[Short text fragments from websites]

□ □ □ □ □ □ □

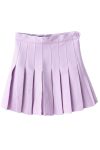 Women_s-Stylish-Slim-High-Waist-Pleated-Tennis-Mini-Skirts-3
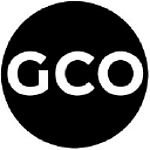 gco-agentur logo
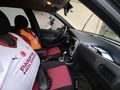 Sahibinden Fiat Albea 1.2 HL 2003 Model
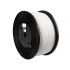 Spectrum 80687 3D filament, PCTG Premium, 1,75mm, 8000g, Biały (Arctic white)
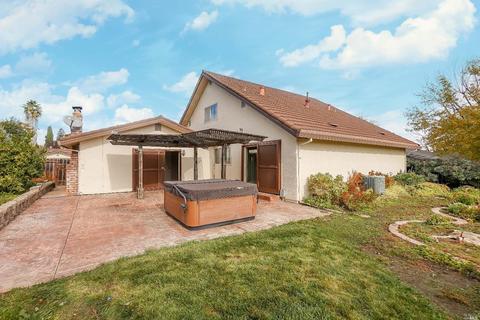 2907 Owens Ct, Fairfield, CA 94534 photo 35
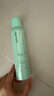 Spes诗裴丝免洗干发喷雾头发蓬松持久定型去油神器干发喷雾柚香180ml 实拍图
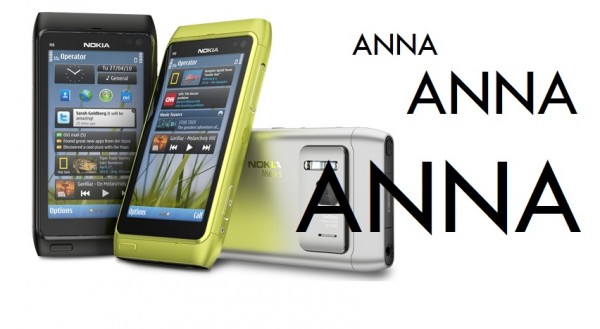 Nokia+usa+n8+anna+update
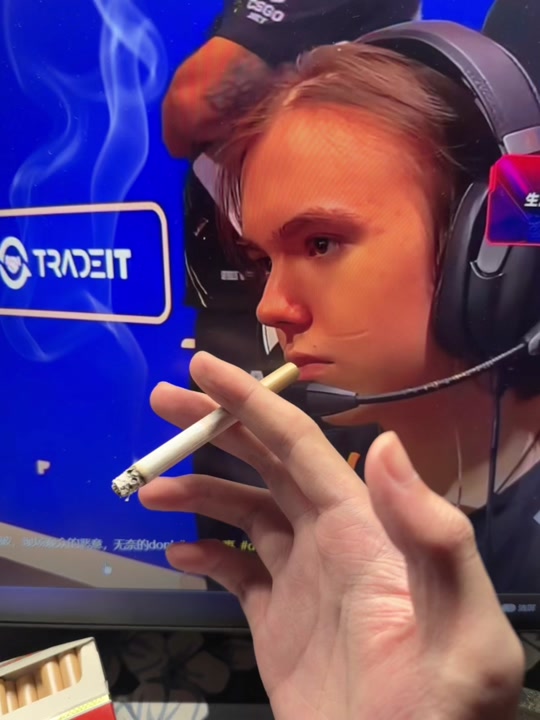 TES发文致歉：非常抱憾我们未能展现出好的竞技水准和状态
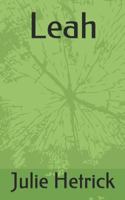Leah 1719919283 Book Cover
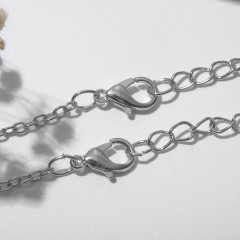 Комплект кулонов - Фото 2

□ □ □ □ □ □ □

__Task goal__:
From top to bottom, restate the records above exactly and omit every picture.

__Response__:
 Women_s-Stylish-Slim-High-Waist-Pleated-Tennis-Mini-Skirts-3
 gco-agentur logo
 Sahibinden Fiat Albea 1.2 HL 2003 Model
 Spectrum 80687 3D filament, PCTG Premium, 1,75mm, 8000g, Biały (Arctic white)
 2907 Owens Ct, Fairfield, CA 94534 photo 35
 Spes诗裴丝免洗干发喷雾头发蓬松持久定型去油神器干发喷雾柚香180ml 实拍图
 Nokia+usa+n8+anna+update
 TES发文致歉：非常抱憾我们未能展现出好的竞技水准和状态
Leah 1719919283 Book Cover
 Комплект кулонов - Фото 2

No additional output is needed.